Me: Former K-9 trainer
GSD Ownership Experience: Previously had 1 male, then a male and female that bred - all were intact
Current GSD: Female - 6 months, intact

This will probably raise hairs in two camps, but I am looking for opinions on whether or not to spay my current female. While I understand the position of rescues to always spay to control unwanted litters, and I also understand breeders who hardly ever spay, I am more concerned with the true welfare of my bitch if I spay her, and my sanity if I keep her intact.

My Specific Concerns

1) While it may be true that spaying can reduce the instances of certain diseases such as mammary tumors, etc., I feel that completely removing sex organs will adversely affect the development of the dog. I'm talking about bone structure, physical proportions, mental development, the works.
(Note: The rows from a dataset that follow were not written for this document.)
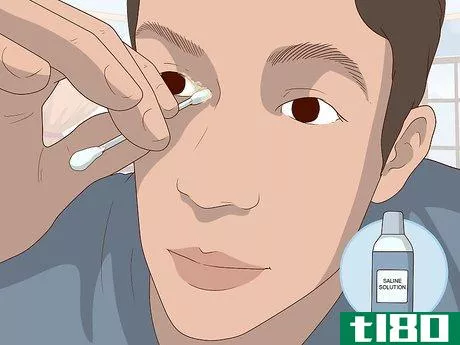 Image titled Clean a Prosthetic Eye Step 4.jpeg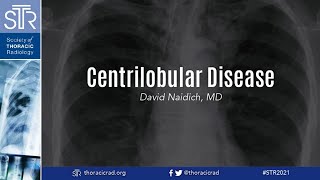 HRCT: Centrilobular Disease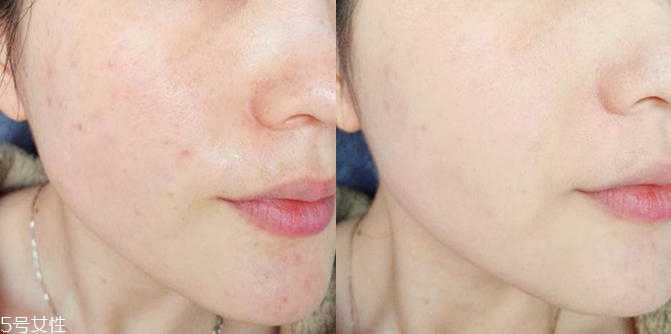 evm原液好用吗 evm原液好用吗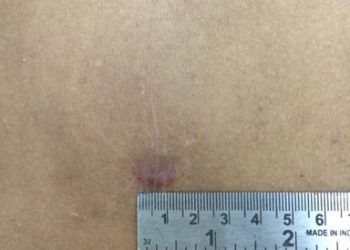 प्राग, चेक गणराज्य की राजधानी  में न्यूरो सर्जन को डेमेंस्ट्रेशन देने के लिए डॉ महेश रमोला को किया आमंत्रित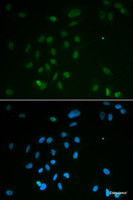 Immunofluorescence analysis of MCF-7 cells using CHEK2 Polyclonal Antibody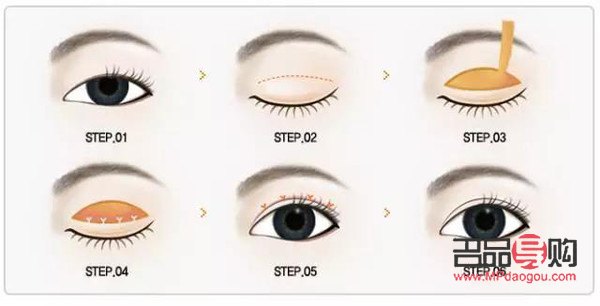 <h3>雙眼皮割深了怎么辦？專業(yè)修復與后期護理全解析</h3>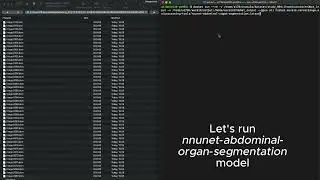 nnUNet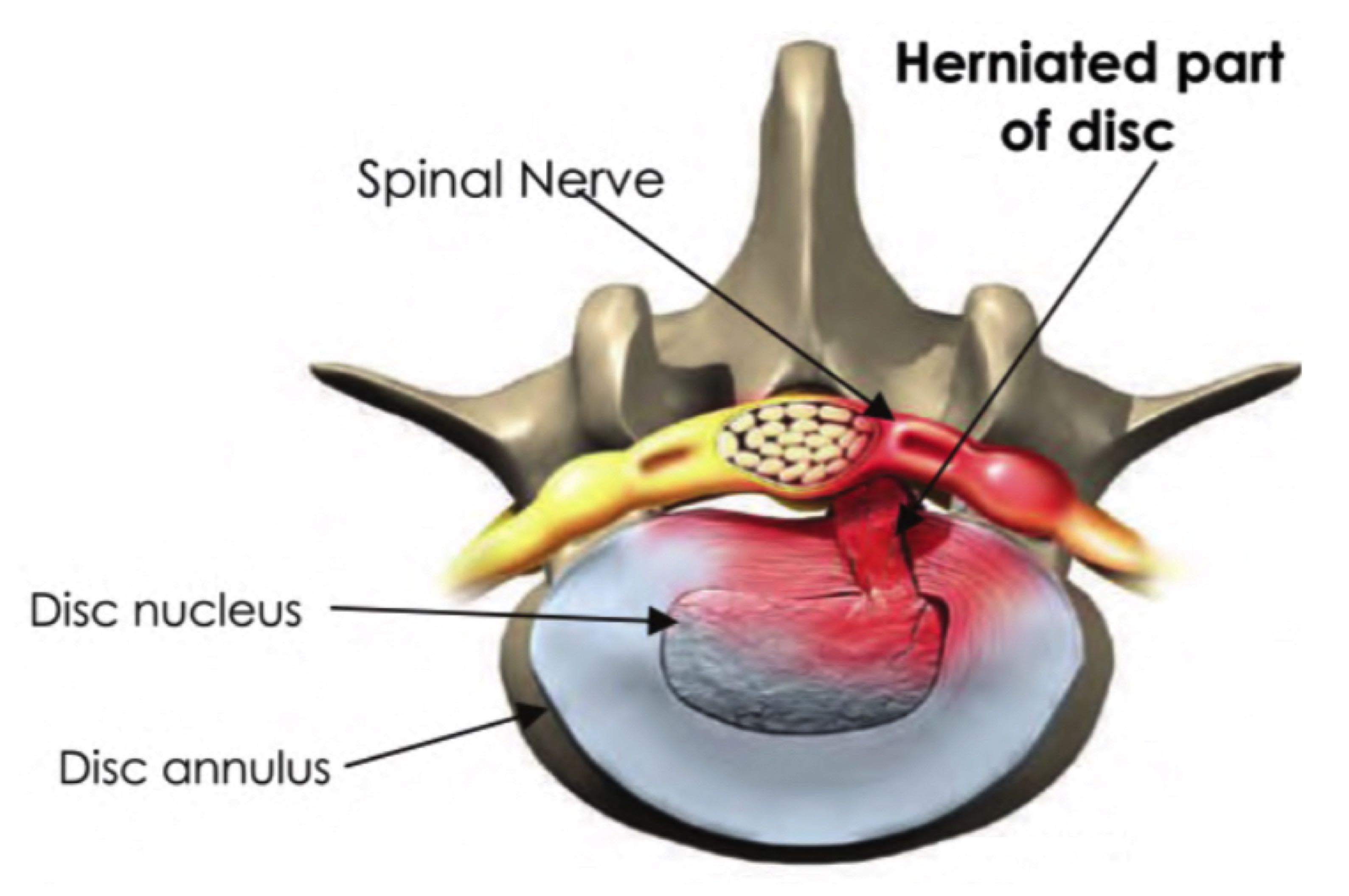 Lumbar spine disc bulge
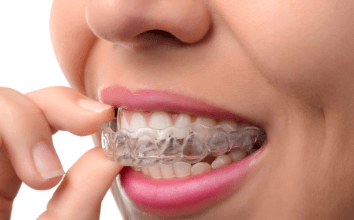 Clear Aligners: A Groundbreaking Innovation in Orthodontics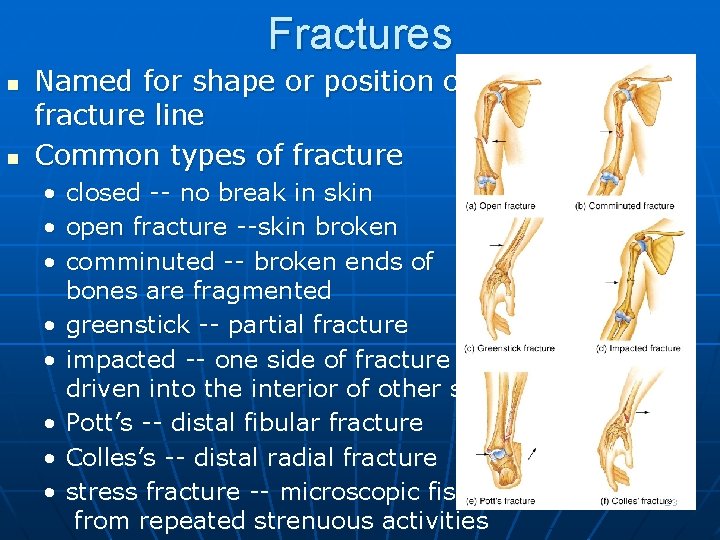 Fractures n n Named for shape or position of fracture line Common types of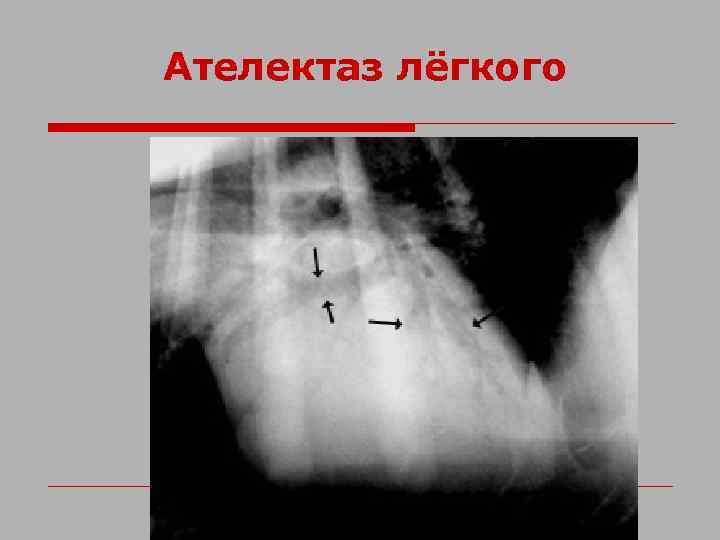 Ателектаз лёгкого 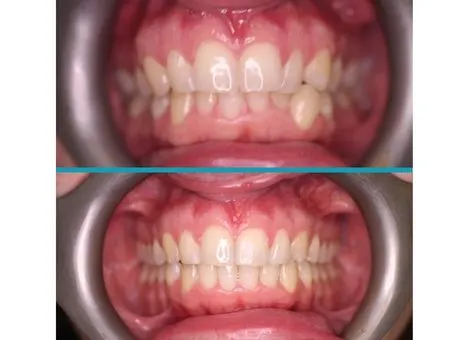 Fixed Braces treatment result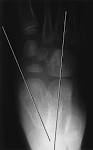 shows <b>equinus deformity</b>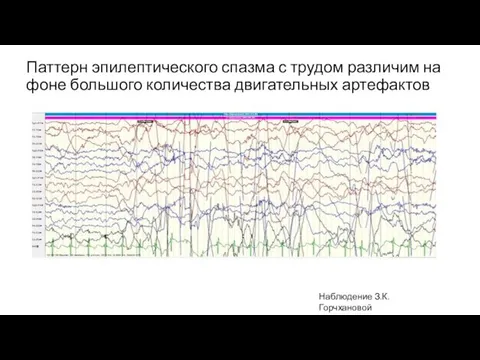 Паттерн эпилептического спазма с трудом различим на фоне большого количества двигательных артефактов Наблюдение З.К. Горчхановой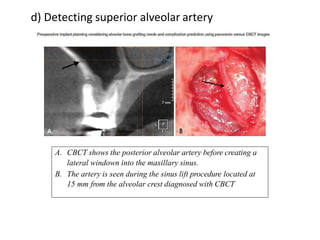 d) Detecting superior alveolar artery
A. CBCT shows the posterior alveolar artery before creating a
lateral windown into the maxillary sinus.
B. The artery is seen during the sinus lift procedure located at
15 mm from the alveolar crest diagnosed with CBCT
 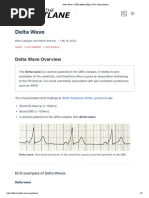 Delta Wave - LITFL Medical Blog - ECG Library Basics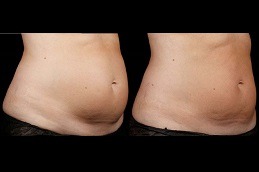 how to lose belly fat Clinic in Dubai & Abu Dhabi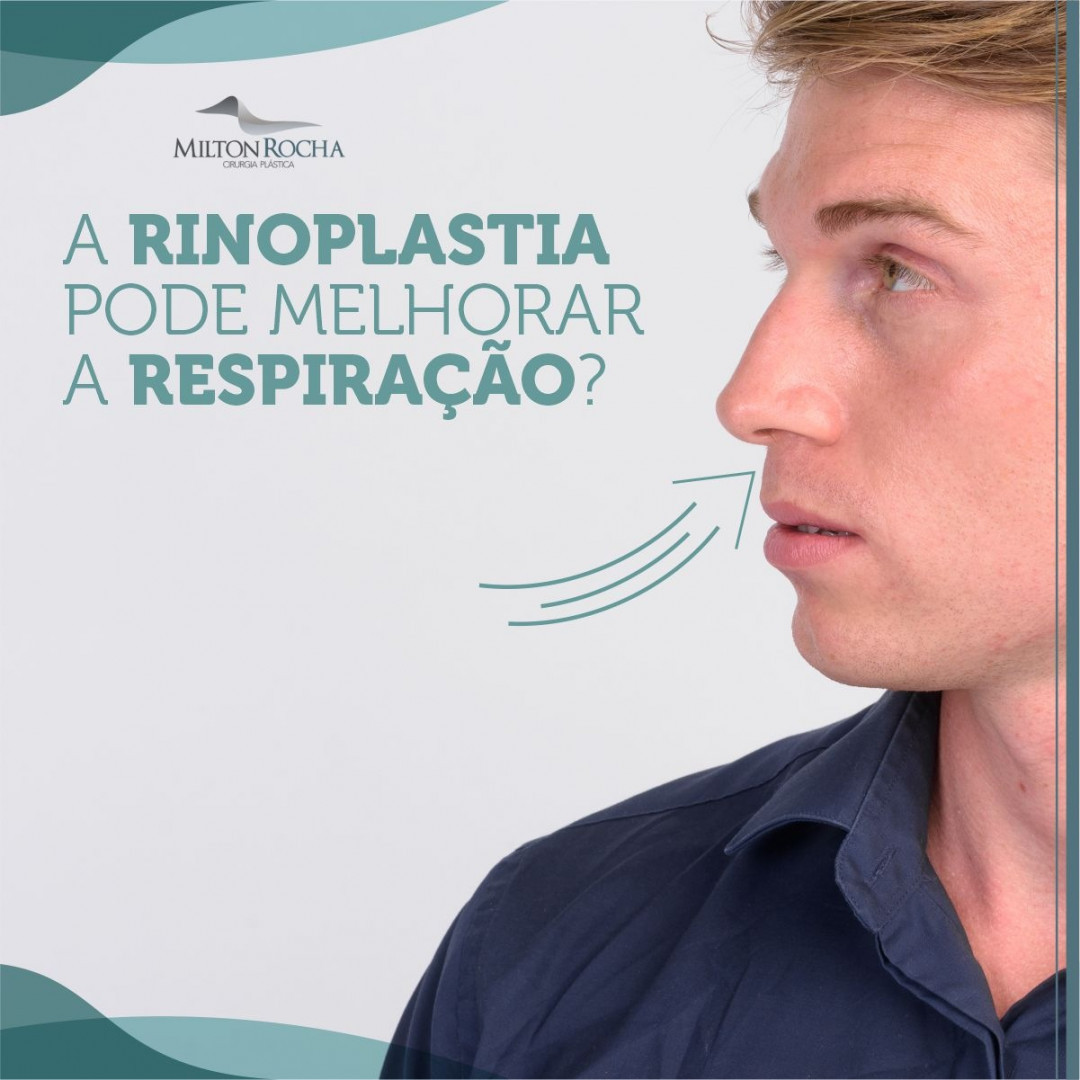 No momento, você está visualizando Cirurgia Plástica Recife – A rinoplastia pode melhorar a respiração?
And, I think that the benefits, as far as reduction in diseases or conditions goes, I believe that it highly overrated and emphasized my the pro-spay camps. Am I wrong here?

2) I'm concerned with incontinence, as well, as a result of spaying. Any truth to this?

3) Almost every spayed female I've seen, regardless of breed appears to develop a wider "middle". I am all too-aware that most dog owners seem to live by the overfeed/under-exercise mantra, but that's not what I'mtalking about. I'm referring to the structure of the rib cage itself. It seems to me that altered dogs appear to develop more of a barrel to their rib cages.

4) My bitch has incredible prey drive, and from my experience is extremely quick in both mind and body. She would make for an excellent K-9, tracking, or other utility dog. I am concerned that spaying her will affect these qualities. Although she is currently being raised as a family dog, I have been sure to help her hone and develop many of her natural instincts, as I am also contemplating some type of utility work for her in the future.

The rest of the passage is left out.